Clark decided the summer before her senior year, it was best for her to move back to Oklahoma to finish high school. Living on her own again, working, cheering and going to school Clark struggled to balance everything in her life and things were hard.
One day Kaylee came home to a phone call from her teammate Kyle Nolan’s mother. She was caught off guard when the Nolans asked if she would like to move in with them.
“I knew Kaylee was on hard times and wanted to help her out,” Nolan said. “So I kept mentioning the situation to my mom and she told me to ask her to live with us. I asked her about it quite a few time and at first Kaylee wasn’t sure about the move but finally we got her to visit for a weekend and the rest is history.”
“When I first moved in with the Nolans it was weird,” Clark said. “Kyle already had two sisters and an older brother so it was awkward pulling in another kid, being that kid.”
Despite the awkward entrance to her new family, Clark soon realized how much the Nolans wanted her to be a part of their family. They acted like she was one of their own. They took her shopping for school, got her hair done and bought her prom dress, things she had never had done for her before.
“They really welcomed me with open arms,” Clark said. “They didn’t act like I was just another person there and ignored me like others. It was like I had always been there from the beginning.”
During her time with the Nolans Clark was able to graduate high school, was accepted into Oklahoma State University where made the OSU Cheer team and competed for the Cowboys for four years. While as a member of the cheer team, Clark received academic honors and was apart of the 2014 national championship cheer team.
“Kaylee was always a driving force on our team,” OSU teammate Lindsey Driskle said. “While the rest of us would worry about the dumbest things and would complain about practice, she would always remind us how things could be a lot worse.”
Along with achieving in both school and athletics, Clark has developed countless friendships at OSU though classes and cheer along with meeting her longtime boyfriend Hestin Lamons, relationships she never could have imagined years ago.
“Looking back at everything, it really grounded me,” Clark said. “Growing up and not having a lot of friendships and family it really puts things into perspective now. It makes me makes me want to treat everyone in my life different because I realize what I have now. I want my relationships to last, so I never take any of them for granted.”
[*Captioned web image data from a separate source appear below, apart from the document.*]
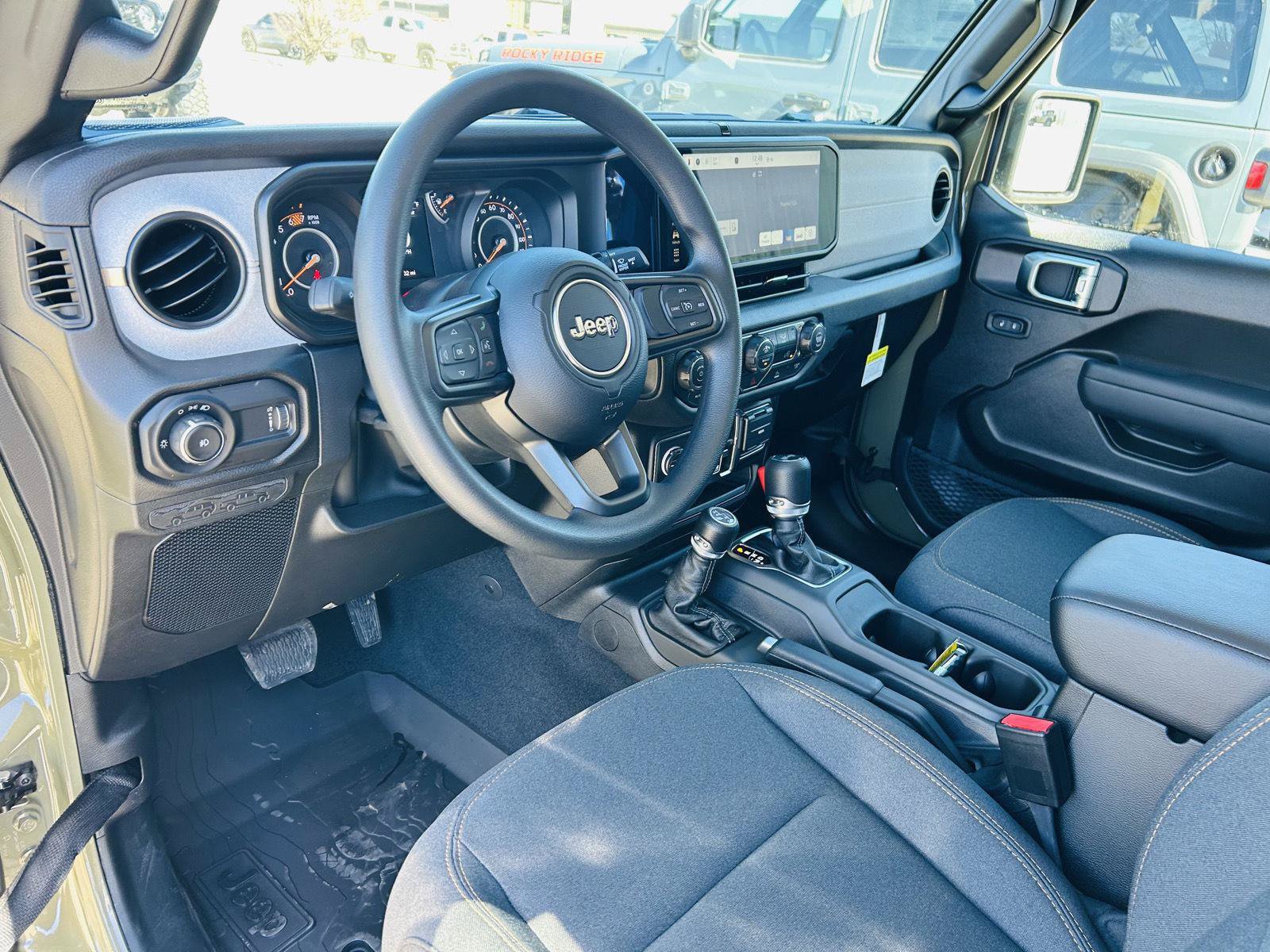 New 2026 Jeep Wrangler Unlimited Sport AWD/4WD image 9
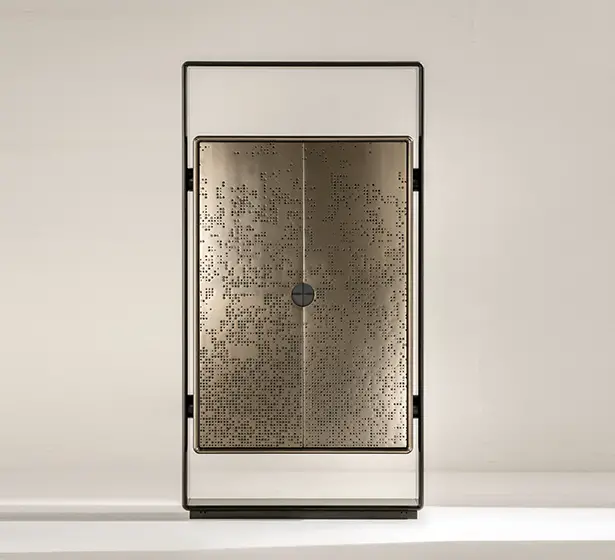 Talento Unlimited Cabinet by Edoardo Colzani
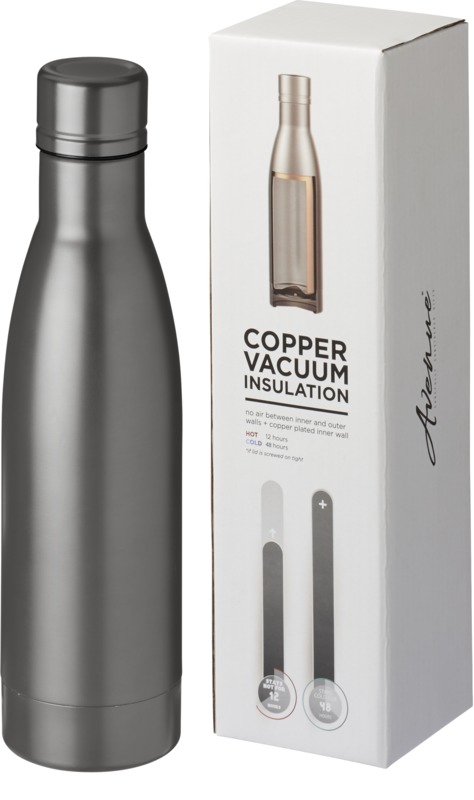 Vasa 500 ml copper vacuum insulated bottle - Image 23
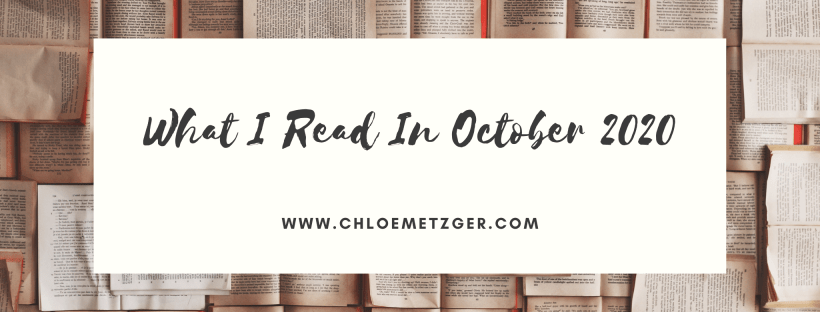 What I Read In October 2020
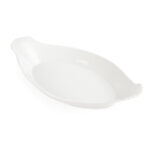 Olympia Whiteware ovale Gratinschalen weiß 32 x 17,7cm (6 Stück) – Bild 3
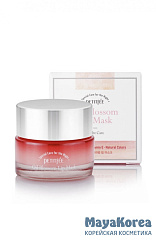 [PETITFEE] Маска для губ МАСЛО КАМЕЛИИ Oil Blossom Lip mask (Camellia seed oil), 15 гр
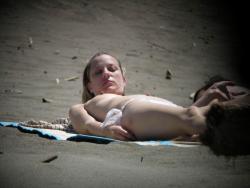 Voyeur nudist beach close up 6/19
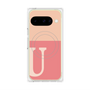 プレミアムパネル with Pixelsnap［ オリジナル - initial two tone - U pink ］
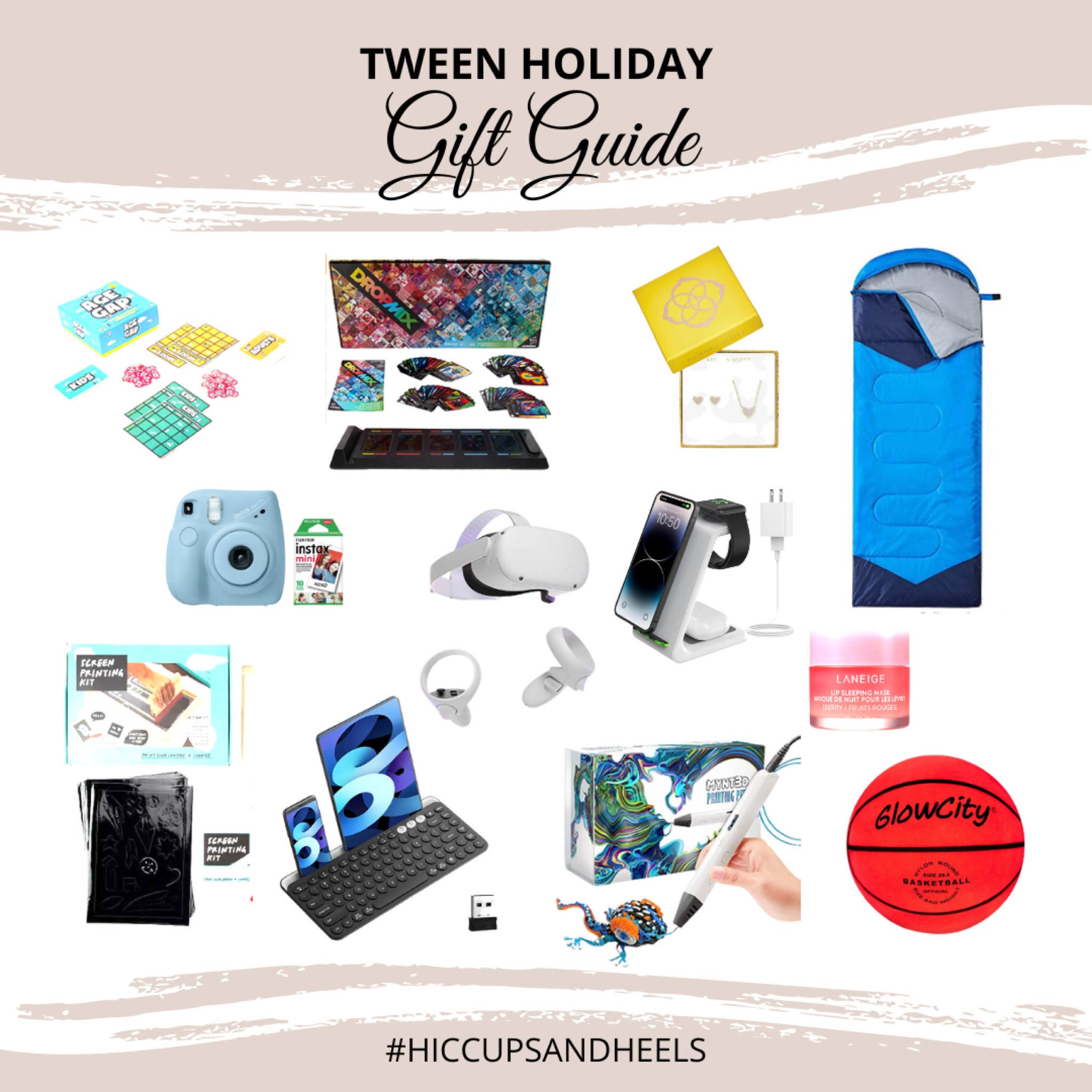 Tween Holiday Gift Ideas

#LTKHoliday #LTKSeasonal #LTKCyberweek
“Through everything Kaylee has been through its has given her a great ability to find the best in any situation no matter how bad,” Lamons said. “She is very uplifting and is the kind of person people like to have around in bad situations because she’s been through.
Even with everything in her life so great Clark says her mind occasionally wonders. She thinks about how her life might have been different with parents in the picture, would she and her mom have been close, would she still talk to her siblings.
“I wish I wouldn’t have had to grow up so fast but I never would have changed a thing because it got me to where I am today,” Clark said. “I’m content where I am, I don’t wish I was closer to my real parents, they had their chance to raise us and they didn’t.”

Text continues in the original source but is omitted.